SPR Unknown #72 -- FINAL

Joy Benmocha-Miller, 4th year Medical Student

W. James Parks, M.S., M.D.

Adina Alazraki, M.D.

Children's Hospital of Atlanta, Emory University

Publication Date: 2012-07-03


16 year old male collapsed playing basketball

Additional history: Presented to the ED in VF/VT, status epilepticus, and with left-sided pneumothorax. No family history of sudden cardiac death or HOCM (hypertrophic obstructive cardiomyopathy).


MRI Heart:

The right ventricle was of moderately increased size, RV EDV = 123 cc/m^2. There was no significant right ventricular hypertrophy. The basilar inferior, basilar anterolateral, mid-anterolateral, and mid-inferior segment showed evidence of macroscopic fatty infiltration and segmental replacement of the myocardium on black-blood imaging (small arrows). There was diastolic dilatation of the basilar anterolateral RV wall.

The left ventricle was of normal size, LV EDV = 78 cc/ m^2. There was no left ventricular hypertrophy. In the posterior apical-lateral segment of the left ventricular wall, a small area of fatty infiltration is present (arrowhead).

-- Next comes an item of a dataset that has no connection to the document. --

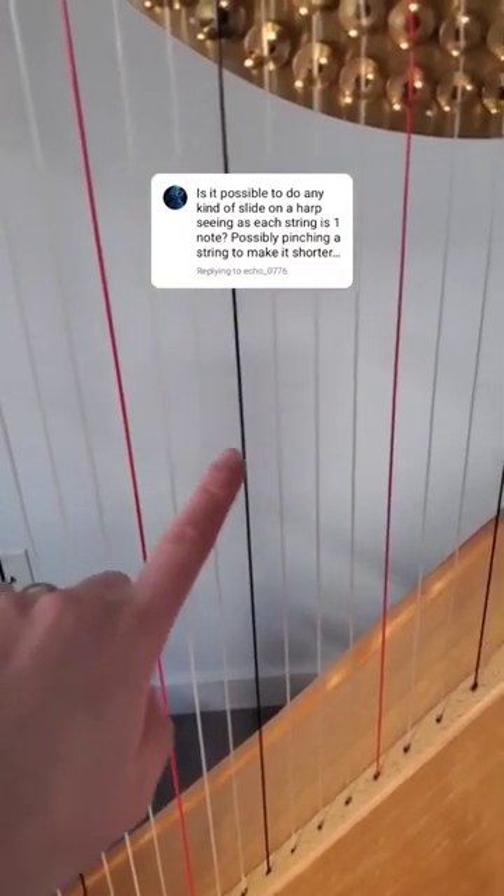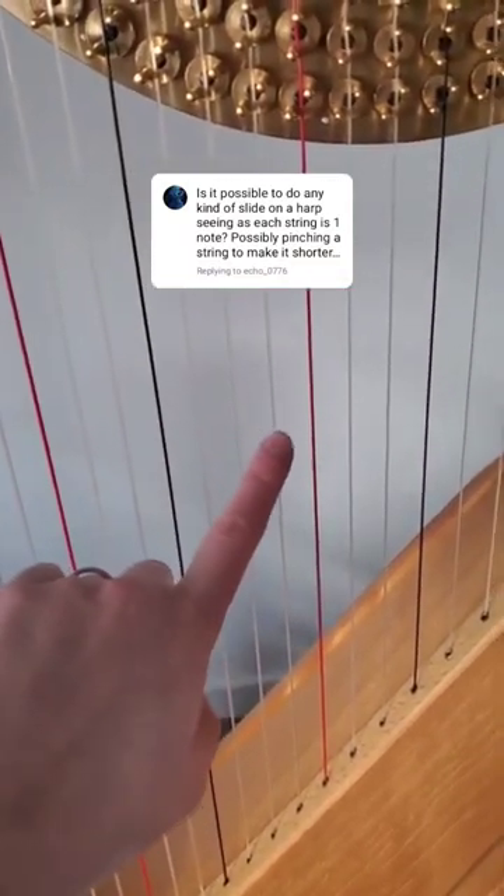Is it possible to do any type of slide on the harp? Each string is one note, yes — but before I show you that, I want to explain how the harp works, because it's not technically one note per string. You have a C, D, E, F, G, A, B string, but we also have pedals to change those notes from flat to natural to sharp. So we have the ability to play C flat, C natural, and C sharp, and with those pedals we have the ability to play every note that we would need. Technically, each string is three notes.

Arrhythmogenic right ventricular dysplasia with involvement of the RV and LV myocardium

Differential Diagnosis

Idiopathic dilated cardiomyopathy

Uhl’s anomaly


Arrhythmogenic right ventricular dysplasia (ARVD) is a genetic myocardial disease that predominantly affects the right ventricle. Diagnosis of ARVD is difficult due to non-specific clinical findings and presentation. MRI is used to assess morphological changes and functional abnormalities, including dilatation, myocardial thinning, fibro-fatty infiltration, and ventricular wall motion abnormalities. Morphological changes observed include dilatation of the right ventricle, common but non-specific, and myocardium thinning associated with aneurismal outpouchings during systole described in the literature as the “accordion sign”, a sensitive finding. Dysfunction of the right ventricle is the most specific and sensitive finding of ARVD, therefore, wall motion abnormalities on MRI are a reliable finding in the diagnosis of ARVD. Spin-echo blackblood imaging sequences can demonstrate fatty changes in the myocardium, but not considered specific or sensitive when identified as an isolated finding.

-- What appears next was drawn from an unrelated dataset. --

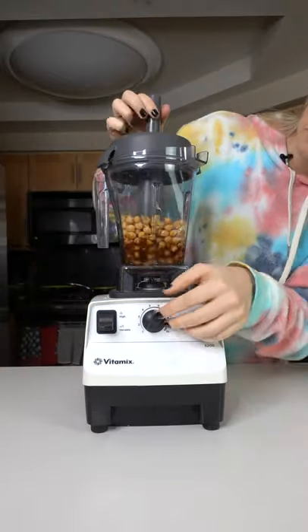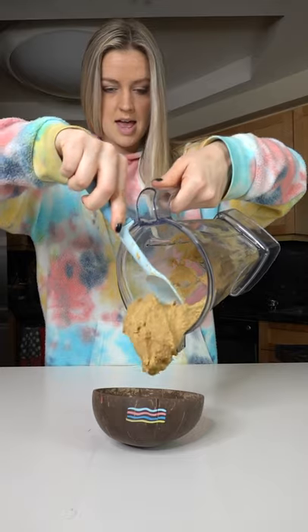Blender on up. Look at that. Chocolate chips. This has got to be the best.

Interestingly, our patient demonstrated a small area of fatty change in the left ventricle. In most cases, fatty changes preferentially involve the right ventricle, but the genetic desmosomal mutation can also present with the involvement of the left ventricle, although less commonly observed. Following post-processing of the images, there was moderately decreased right ventricular systolic function, RV EF = 36%, with basilar inferior and basilar anterolateral regional wall motion abnormalities. There was normal left ventricular systolic function, LV EF = 57%, with no obvious wall motion abnormalities.

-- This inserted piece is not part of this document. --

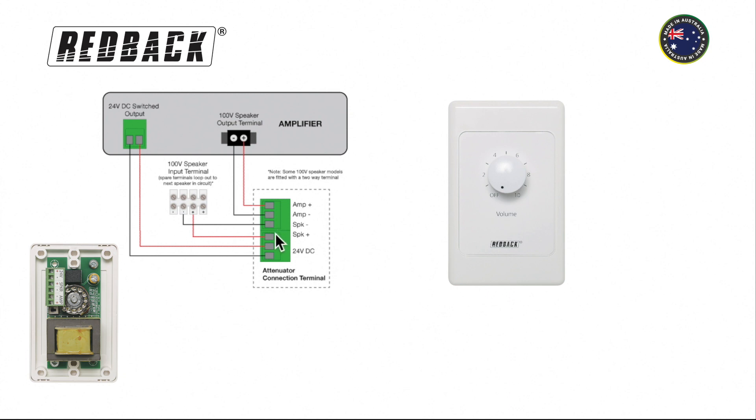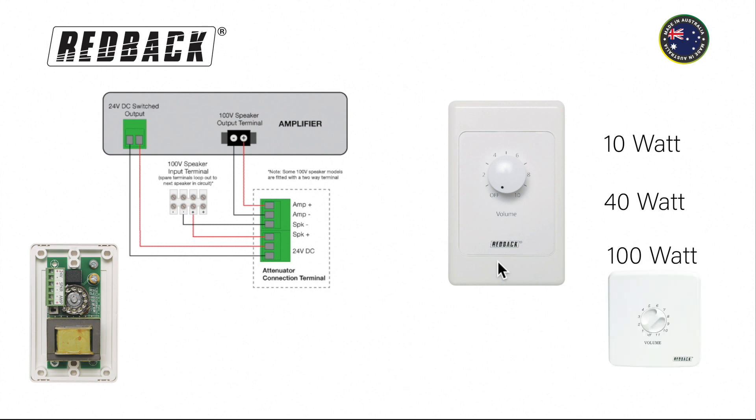Then the speaker out is connected to the speaker terminals on the speaker. Now there could be more than one speaker, as long as the load does not exceed the load of the volume control. These are available in 10, 40 or 100 watt versions.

Echocardiography has been used to assess morphological abnormalities associated with ARVD but has found to be nonspecific and insensitive due to the limitation of the lack of spatial resolution needed to assess for fatty and fibrotic changes typically seen in the myocardium of the right ventricle. Echocardiograph was not obtained in our patient prior to his presentation to the ED.

Although MRI is helpful in characterizing the findings commonly associated with ARVD, the definitive diagnosis must be made pathologically. Tissue diagnosis has not yet been obtained in this patient.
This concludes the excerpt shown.